Contradiction of the Day

I think I'm only capable of unconditional love if I'm not in a romantic relationship.

Individual people are cool. I enjoy following their lives, especially if theirs are vastly different from mine - if they've seen or done things I haven't, or were born into perspectives not like mine and not within the USian dominant cultures. I enjoy finding out what they think, why they think that way, how they got there. I can admire their strengths, find beauty in their weaknesses, and love their diversity of humanity. I like people who are being who they are.

By the same token, one of the biggest things I look for in others is an ability to see and understand and like me for who I am, as I am, for my own sake and not for who I am in relation to them. People who can recognize the subtle signs to stop talking about themselves and start listening, because I have something important to say. Those are the people who end up becoming my closest friends.

But when it comes to seeing someone as a potential lifelong mate, it's not just about them anymore - it becomes much more about how they relate to me. Do I personally like them, what they think, and how they think? Do I find them physically attractive? What do I think of their pursuits in life? Do I find their interests or any aspects of their personalities annoying? Can they continue to be who they are, or would they have to change in ways that would make them less happy but would please me more, and how can I ask them for changes like that? Can I somehow avoid becoming ridiculously jealous over extremely stupid things, and wanting to control how they think, as past experiences have shown I do?

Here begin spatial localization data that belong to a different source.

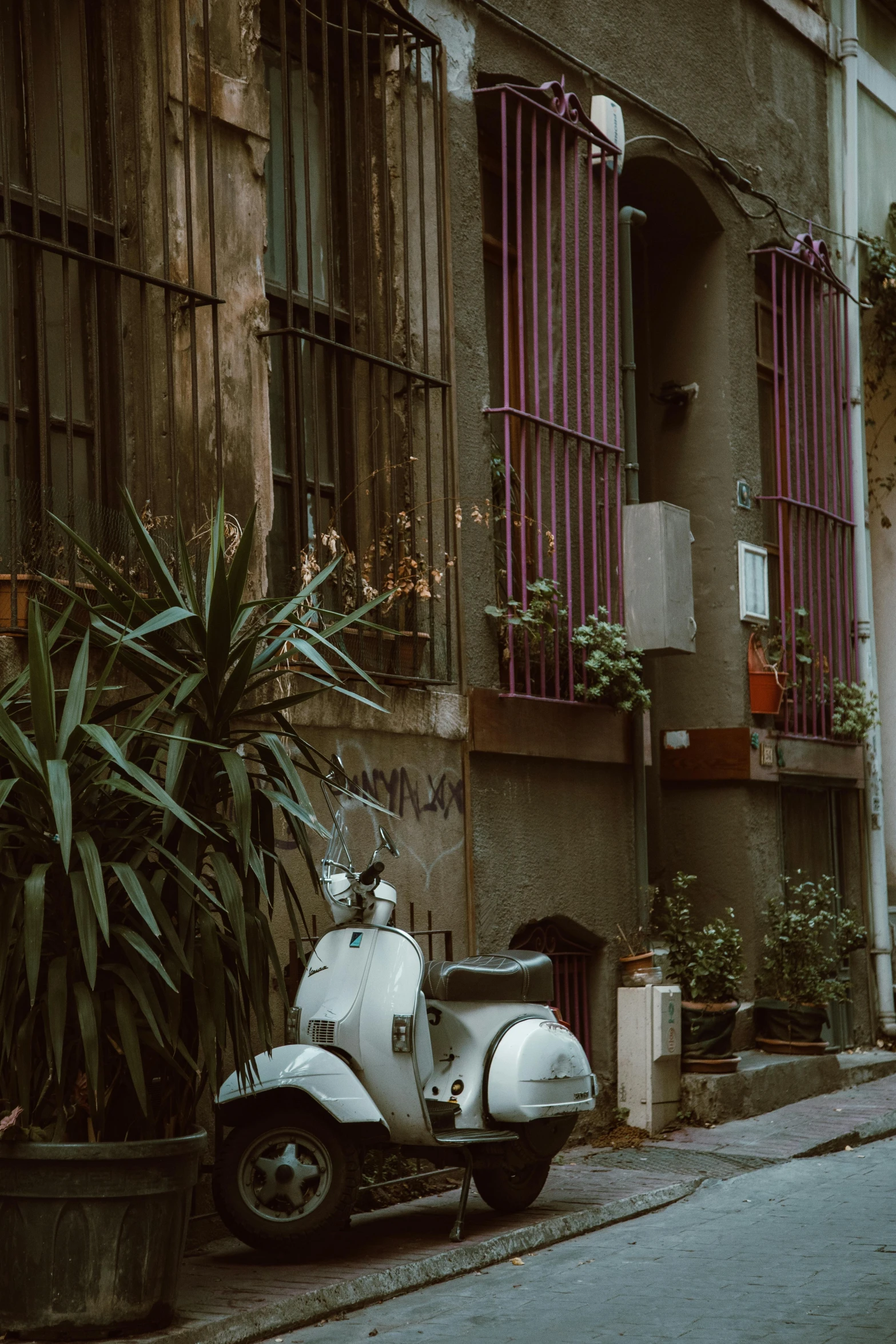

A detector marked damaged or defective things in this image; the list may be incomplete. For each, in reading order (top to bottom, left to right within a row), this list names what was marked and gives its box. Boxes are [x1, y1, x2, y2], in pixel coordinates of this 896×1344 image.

rusted window grate [0, 0, 223, 631]
rusted window grate [257, 0, 455, 686]
rusted window grate [476, 81, 622, 705]
rusted window grate [755, 239, 860, 746]
rusted window grate [512, 920, 590, 1057]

On the whole, I think I'm waiting to find someone who is already exactly who I want them to be.



Note: the immediate cause of these thoughts is not the only source of them.

8 comments:

John the Scientist said...

Good luck with that. :p

Jeri said...

Wow, sounds like quite a contradiction. When I get overanalytical like that I try to remember the Beatle's lyrics, "Let it Be". Accept. Seek first to understand. :)

I second John. Good luck!

Hmmm... question for you. Do you believe in 'soul mates'?

MWT said...

Thanks for your support, John. :p

Jeri: from a firsthand perspective, I used to. But that was before I started figuring out the whole empath thing and how it works.

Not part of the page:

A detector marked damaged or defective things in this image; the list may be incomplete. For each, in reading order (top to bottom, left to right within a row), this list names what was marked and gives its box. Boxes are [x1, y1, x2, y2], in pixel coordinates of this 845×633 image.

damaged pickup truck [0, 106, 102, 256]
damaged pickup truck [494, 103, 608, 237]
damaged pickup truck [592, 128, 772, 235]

More generally, I've heard fairly detailed stories from other people about theirs and have no reason to disbelieve them. (And by "reason to disbelieve" what I mean is I have a few pieces of data from an incomplete dataset, firsthand data would be higher quality but I don't have any of that, and so on the whole I can't draw conclusions one way or the other from what I have.)

Nathan said...

Far be it from me to suggest what you should or shouldn't hold out for but I doubt you're ever going to meet anyone who is exactly who you want them to be.

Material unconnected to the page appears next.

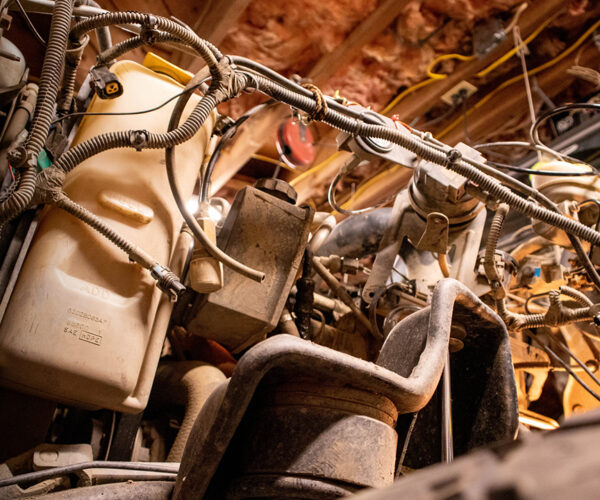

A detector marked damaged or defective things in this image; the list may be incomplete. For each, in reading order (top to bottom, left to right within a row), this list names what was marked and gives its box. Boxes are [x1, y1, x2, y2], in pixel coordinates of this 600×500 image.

rusty metal surface [173, 280, 516, 498]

I suspect that you're more likely to meet someone who is enough like who you'd want them to be...enough to make you accept the parts you could live without. Or possibly, parts of this person will be so much the person you'd want them to be that you happily overlook the other parts.

That's been my experience anyway.

MWT said...

Yeah, something like that.

It's also not all that high on my priority list, though. Basically I keep an eye out in case anyone interesting passes by, but I'm not actively looking or anything. It came up now because someone pointed themselves out.

Jim Wright said...

Well, my experience is this:

You have in your head exactly what you want.

Then you meet somebody and find out that what you had in mind isn't what you wanted after all.

Life is funny that way.

The key, is to find somebody who makes you happy, who makes you laugh, who makes you feel whole. Everything else is gravy. The thing is, that person is almost never the person you had in your mind's eye and you usually find them when you stop looking.

Tom said...

Damnit, Jim! You're not a doctor. Stop giving good advice to people!

MWT, having someone who's good to you is better than not having someone. If you are to someone else what you are looking for for yourself, that's a good start.

Anne C. said...

I'm no expert (by ANY stretch of the imagination) but I understand from observing others that there is an additional complication. Once you find someone who suits you well enough, there is the inescapable fact that you will both change and you both must accept and enjoy that change in order for the relationship to last.

Good luck!

(And your definition of how you feel about soul mates is nearly identical to a definition I've heard of psychic abilities by a friend of mine (no one you know).)